Work item: Begin at the line containing "Dereon - Black" in the data below and go on through the line containing "Orange Geometric Drawing", repeating each line exactly; include both ends and no other line.

Available data:
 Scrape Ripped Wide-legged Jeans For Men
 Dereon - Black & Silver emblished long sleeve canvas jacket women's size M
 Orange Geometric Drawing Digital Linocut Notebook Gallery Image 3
==
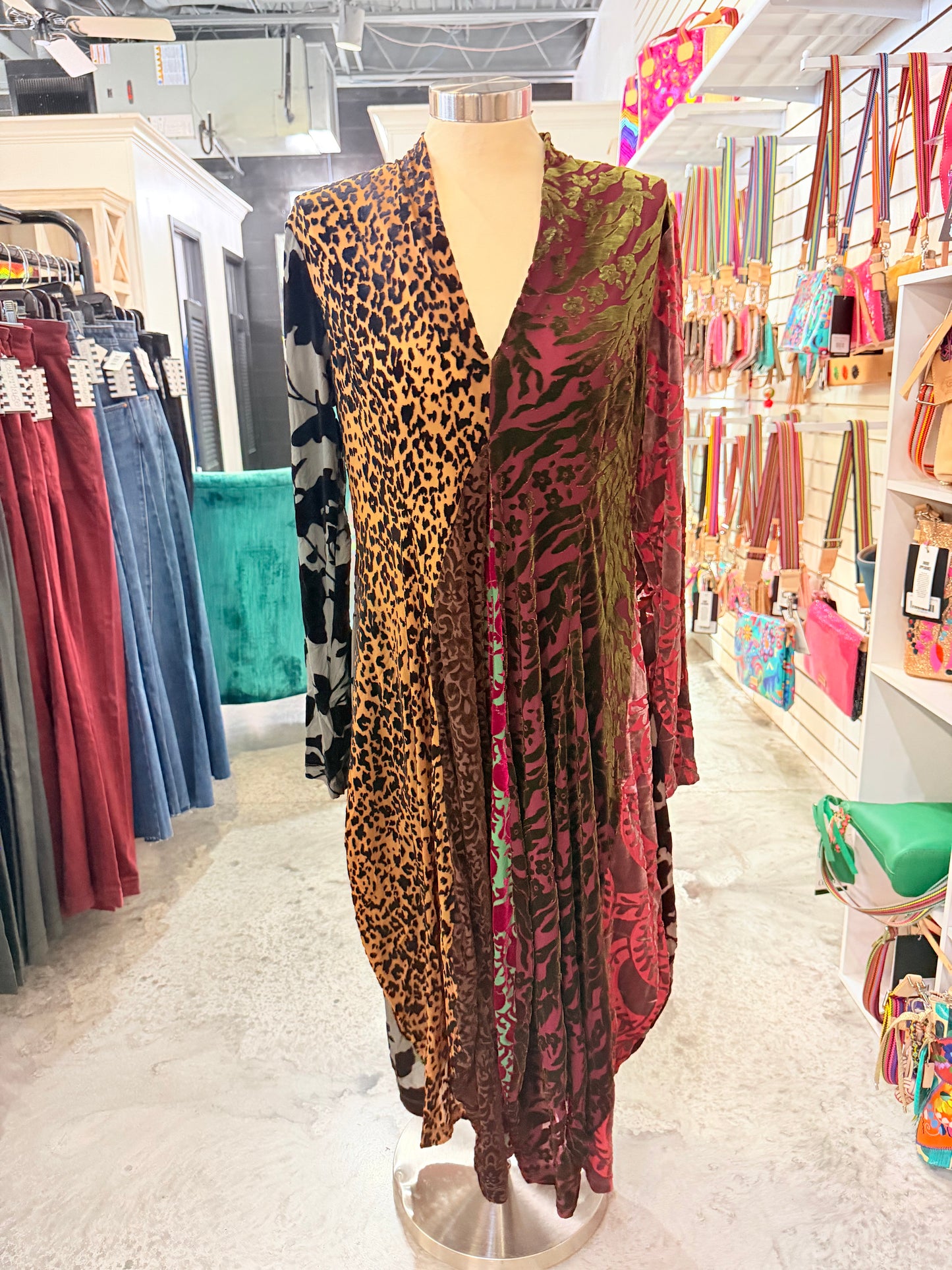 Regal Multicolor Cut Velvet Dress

Reply:
 Dereon - Black & Silver emblished long sleeve canvas jacket women's size M
 Orange Geometric Drawing Digital Linocut Notebook Gallery Image 3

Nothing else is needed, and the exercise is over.